68’i Anlamak

Che Guevera, Simone de Beauvoir, Deniz Gezmiş, Jean Paul Sartre, Rudi Dutschke, Behice Boran ; 1968 hareketinde yer alan isimlerden bazıları. Farklı boyutlarda yaşadıkları hareketin onları birleştiren bir ortak noktası vardı: “Özgürlük” talebi.

Avrupa ve bizde koşullar nedeniyle değişik yollar çizdi 68’liler.

1968’de Avrupa gençliğini, 2.Dünya Savaşı sonrasındaki ilk kuşak oluşturuyordu. Ailelerine, topluma karşı tepkiliydiler. Daha fazla kazanma, mülk edinme, otoriteye saygı duyma gibi anlayışlara tavır koymayı amaçlıyorlardı. Anti- otoriter eğitim, cinsel özgürlük, kadının ekonomik bağımsızlığı, otoriteye başkaldırı, özgür Üniversite önemli hedefleriydi.

Türkiye’de ise 68 hareketinin yansıması ülkenin içinde bulunduğu koşullar nedeniyle daha politik oldu. 1961 Anayasası’nın, TİP’in meclise girmesiyle yaşanan özgürlük ortamının bunda payı büyüktü.  Demokrasinin ve düşünce hayatının gelişmesine katkıda bulunan tartışmalar yaşandı. Bu umut dolu ortam fazla sürmedi ve 68 hareketi bölündü, parçalandı, ağır bedeller ödendi.

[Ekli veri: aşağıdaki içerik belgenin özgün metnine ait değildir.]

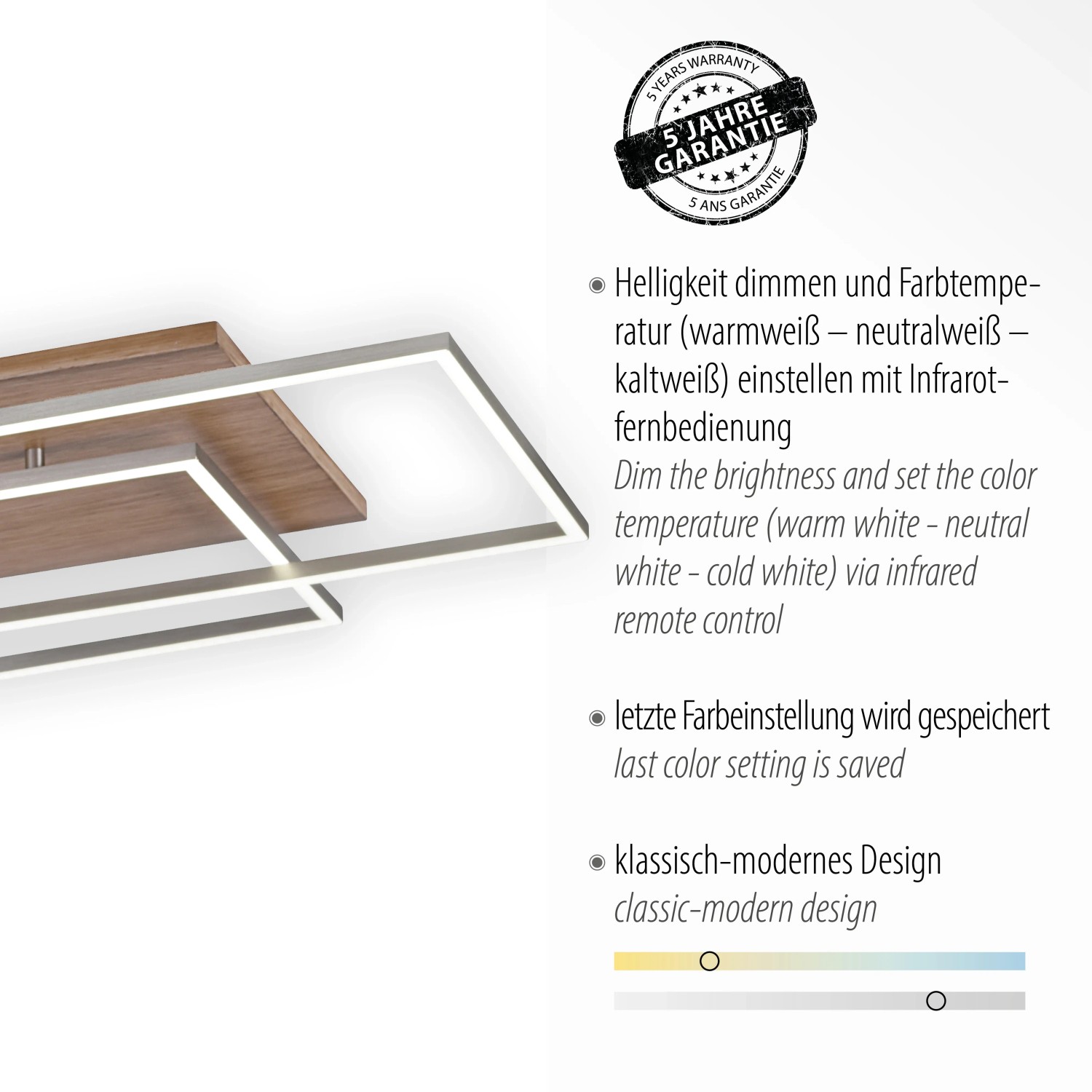 Moderne LED-Deckenleuchte Palma mit Holzdekor, dimmbar und farbsteuerbar.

Batıda aynı hareketin öncülerinden bazıları 1970 sonrasındaki süreç içerisinde kendilerine Sosyal Demokrat partilerde yer buldular. Nükleer santraller, SS 20 Pershing füzelerinin konuşlandırılması gibi o dönemin sorunlarının tartışılmasını gündeme getirdiler. Beraberinde gelen Çevre ve Sivil Girişim çabalarına deneyimleriyle katkıda bulundular, 1979’un sonlarına doğru, bir sonraki kuşak olan genç sosyalistlerle aynı noktada buluşarak, çeşitli ülkelerde kurulan Yeşiller Partisi’ni kurdular ve görevler üstlendiler.

Batı demokrasilerinin kendilerini yenileyebileceğini, yeni mecralar açabileceğini kanıtladılar.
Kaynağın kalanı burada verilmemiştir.